The unsecured creditors committee in the Sports Authority’s bankruptcy case has filed a strong objection to the retailer’s proposed DIP financing package. The committee, representing largely vendors and landlords, called it a “lopsided deal” that favors lenders and argue the mandate that the company be sold by the end of April will wind up shortchanging the estate.
Among the reasons for objecting to the proposed DIP financing was that Sport’s Authority’s projected cash flows should be sufficient for the retailer to operate on cash collateral use without the financing package. Sports Authority is conducting GOB sales at 142 stores that are closing and that’s expected to support a “rapid influx of cash into the debtors’ coffers. “
According to the DIP motion, Sports Authority is also expected to be cash flow positive in each of the first nine weeks of the case and cash flow positive by over $66 million as of the end of that period, April 30, when the milestone-mandated sale of substantially all of the company is schedule to be closed and the DIP loans repaid.
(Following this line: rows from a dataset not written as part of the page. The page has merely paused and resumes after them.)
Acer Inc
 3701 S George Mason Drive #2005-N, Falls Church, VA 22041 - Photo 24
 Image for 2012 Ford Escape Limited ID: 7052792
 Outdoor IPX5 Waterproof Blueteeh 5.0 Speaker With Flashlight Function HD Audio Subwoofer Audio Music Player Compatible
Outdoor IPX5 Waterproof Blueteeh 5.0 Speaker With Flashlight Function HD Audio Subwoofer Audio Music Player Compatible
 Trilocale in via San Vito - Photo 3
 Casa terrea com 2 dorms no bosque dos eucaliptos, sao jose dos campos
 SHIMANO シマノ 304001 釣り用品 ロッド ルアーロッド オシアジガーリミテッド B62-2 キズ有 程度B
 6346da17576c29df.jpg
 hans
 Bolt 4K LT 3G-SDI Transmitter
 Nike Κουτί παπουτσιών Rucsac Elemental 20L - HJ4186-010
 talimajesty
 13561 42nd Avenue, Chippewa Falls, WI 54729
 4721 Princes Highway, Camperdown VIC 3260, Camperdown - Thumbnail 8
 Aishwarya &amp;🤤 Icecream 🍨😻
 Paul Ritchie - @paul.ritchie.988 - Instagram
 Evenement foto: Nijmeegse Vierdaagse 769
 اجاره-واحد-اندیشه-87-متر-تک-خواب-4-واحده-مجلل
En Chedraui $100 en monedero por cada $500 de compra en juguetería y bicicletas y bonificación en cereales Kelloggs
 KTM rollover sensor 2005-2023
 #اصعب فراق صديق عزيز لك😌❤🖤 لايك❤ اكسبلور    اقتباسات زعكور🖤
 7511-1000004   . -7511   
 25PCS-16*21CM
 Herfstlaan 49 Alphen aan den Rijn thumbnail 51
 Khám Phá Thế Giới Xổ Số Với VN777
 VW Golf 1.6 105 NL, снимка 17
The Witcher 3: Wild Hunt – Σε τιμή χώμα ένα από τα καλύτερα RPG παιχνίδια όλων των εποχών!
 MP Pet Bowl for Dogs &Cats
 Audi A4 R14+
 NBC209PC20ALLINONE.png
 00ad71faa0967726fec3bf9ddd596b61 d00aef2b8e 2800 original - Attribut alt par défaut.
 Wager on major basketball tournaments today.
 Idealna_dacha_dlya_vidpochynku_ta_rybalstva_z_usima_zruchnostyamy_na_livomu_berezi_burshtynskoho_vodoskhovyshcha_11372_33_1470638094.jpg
The committee further argued that any surplus funds should not be used to “pay enormous fees and principal repayments” under the proposed revolving credit facility but be used to cover an estimated $94 million of incurred administrative expenses, plus any additional unpaid trade debt resulting from postpetition credit, which is not covered in the budget.
The committee also claims that Sports Authority does not gain any new financing as part of the deal. The committee writes, “Rather, the financing constitutes simply a rolling up of the entirety of the prepetition balance on the ABL Loan ($370 million) and FILO Loan ($95 million).” Yet the DIP lenders will earn $22.3 million in fees.
DIP lenders and all of the prepetition secured creditors wouid also gain liens on “tens of millions of dollars of unencumbered assets,” prior to the filing, including the assets of entities that are not even borrowers or guarantors under the prepetition debt facilities and avoidance actions.
The filing states, “The proposed adequate protection provisions, separately and as a package, are vastly overgenerous to secured creditors who are not providing any real financing, just rolling up their existing debt and awaiting repayment in a matter of weeks.”
Regarding the mandated sale, the committee notes that the financing and the use of cash collateral are conditioned on Sports Authoritys success in obtaining bids by April 21, obtaining an order approving a sale by April 27, and closing on such a sale by April 28.
The committee said the fast-track sale would be particularly challenging without a stalking horse bidder in place and the overall the dates and deadlines that track the sale milestones tied to the DIP Facility “will chill bidding and impair the realized value of the estates’ assets by precluding potential buyers from having an adequate opportunity to perform sufficient due diligence with respect to the debtors’ assets.”
The final hearing on the DIP Financing Motion is set for April 5, 2016 at 2:00 p.m. The hearing on the Bidding Procedures Motion is also set for April 5, 2016 at 2:00 p.m.